Çocuğun Duygusal Dünyası

Çocuğun Duygusal Dünyası

 Anne babaların çocuğun duygusal dünyası ve ihtiyaçlarını anlayıp kabul ederek çözebileceği basit sorunlar büyük çıkmazlara dönüşüyor. Anlamak yerine, yargılamak, etiketlemek, istemek, beklemek gibi işe yaramayan yolları ısrarla denemeye devam ediyoruz. Çocukların duygularını anlamaya, onları çözmeye odaklanmak yerine kendimize, kendi anne babalığımıza odaklanıyoruz. Duyguların dilini anlamak yabancı bir dili anlamaktan daha zor gibi görünüyor. Halbuki azıcık duygu farkındalığı ile çocuklarımızla kolayca iletişim kurmak mümkün. İyi bir anne olmanın, başkalarının hakkımızda ne düşündüğünün ne söylediğinin derdine düşmek yerine, çocuğumuza baksak, onu anlamaya çalışsak, bizi her gün yeni şeyler öğreneceğimiz bambaşka bir dünya bekliyor.

Peki kadar çok sesin olduğu bir dünyada kendi sesimize çocuğumuzun sesine nasıl ulaşacağız?
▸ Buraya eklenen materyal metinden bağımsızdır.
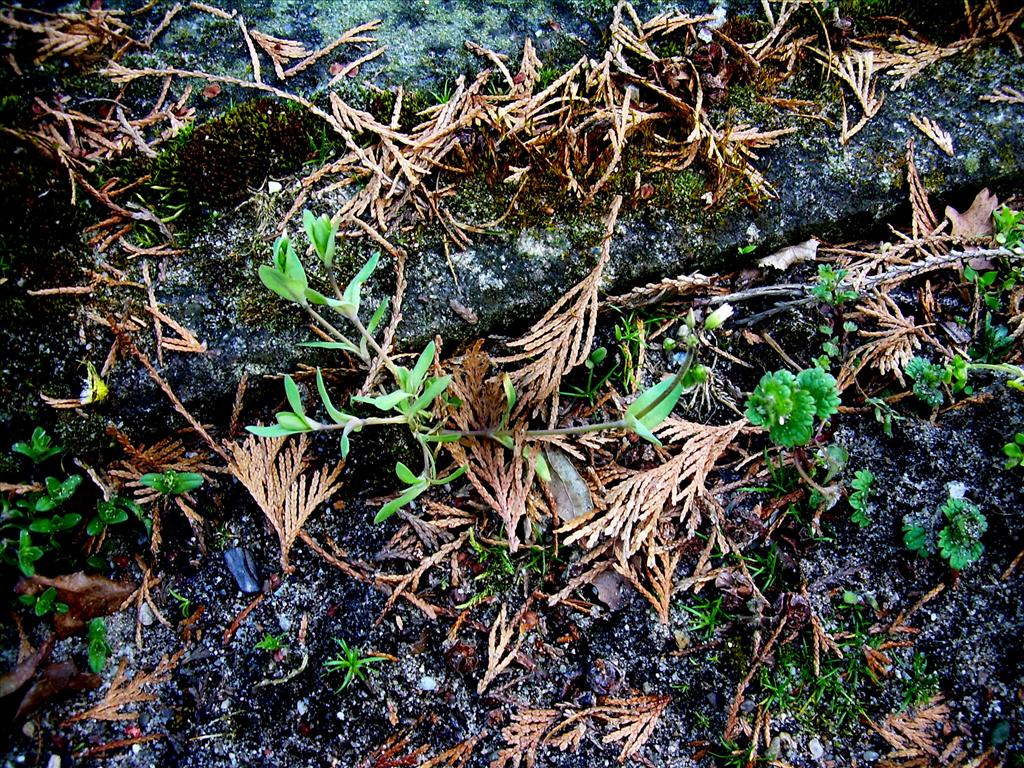 Holosteum umbellatum (door Toon Verrijdt)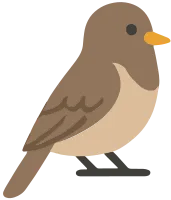 새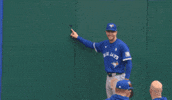 Blue Jays Smile GIF by Toronto Blue Jays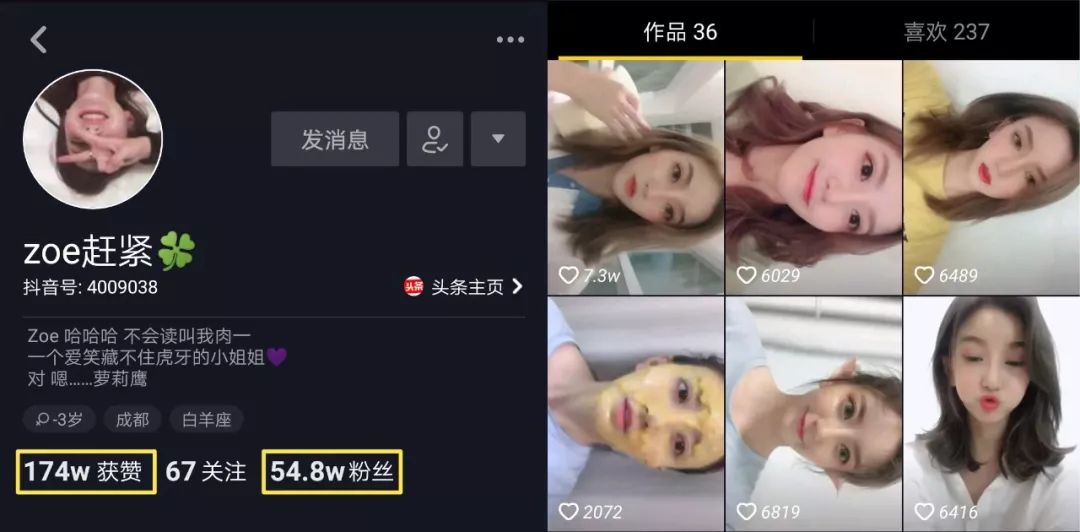 鸟哥笔记,广告营销,袁海,抖音运营,内容营销,短视频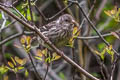 Long-tailed Rosefinch Carpodacus lepidus henrici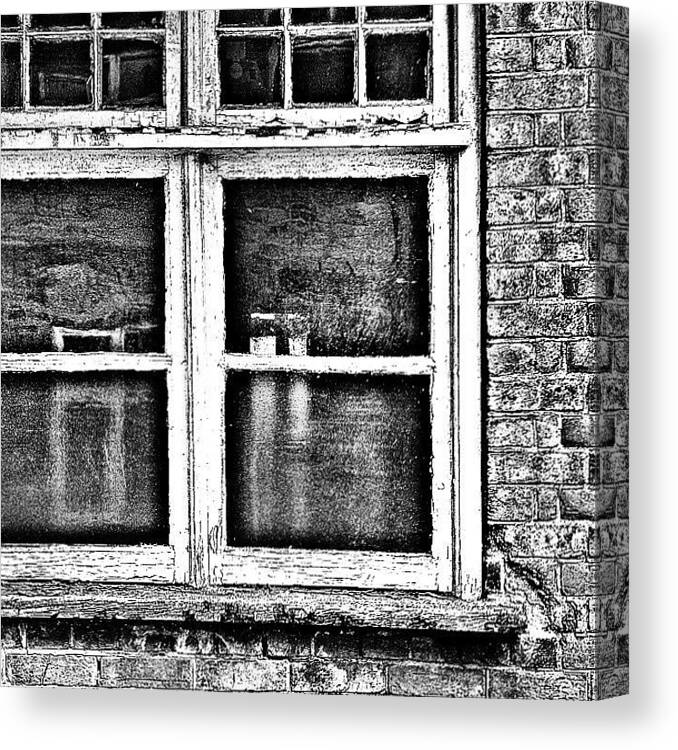 Beautiful Canvas Print featuring the photograph The Window by Jason Roust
Bunun tek bir yanıtı yok galiba, deneye yanıla bulacağımız bir yol. Bu yolda bana en çok yardım eden şey okumak oldu. Öncelikle çocuğumu okumak, sonra kitap okumak.
Duygu farkındalığı ile ilgili kitapları zaman buldukça paylaşmak istiyorum bu yüzden, belki birilerine de güzel bir yol açar diye.
Çok sevdiğim ve bütün anne babalar okusun istediğim bir kitap; Çocuğun Duygusal Dünyası.
Isabelle Fillizoat, çocuğumuzun sesine ulaşmak için, sizi suçlayan, kaygılandıran sesleri dinlemeyin, diyor. Çocuğunuzu dinleyin. Ağladığında size ne demek istediğini anlamaya çalışın. Aynı şekilde davranışlarıyla da size bir şeyler anlatmaya çalışıyordur. Çocuklar konuşmayı bilmedikleri için kendilerini davranışlarla ifade ederler. Bu dili öğrenebilirsiniz. Kesin fikirleri, etiketleri, yargıları bir kenara bırakıp çocuğunuzla iletişiminize odaklanın.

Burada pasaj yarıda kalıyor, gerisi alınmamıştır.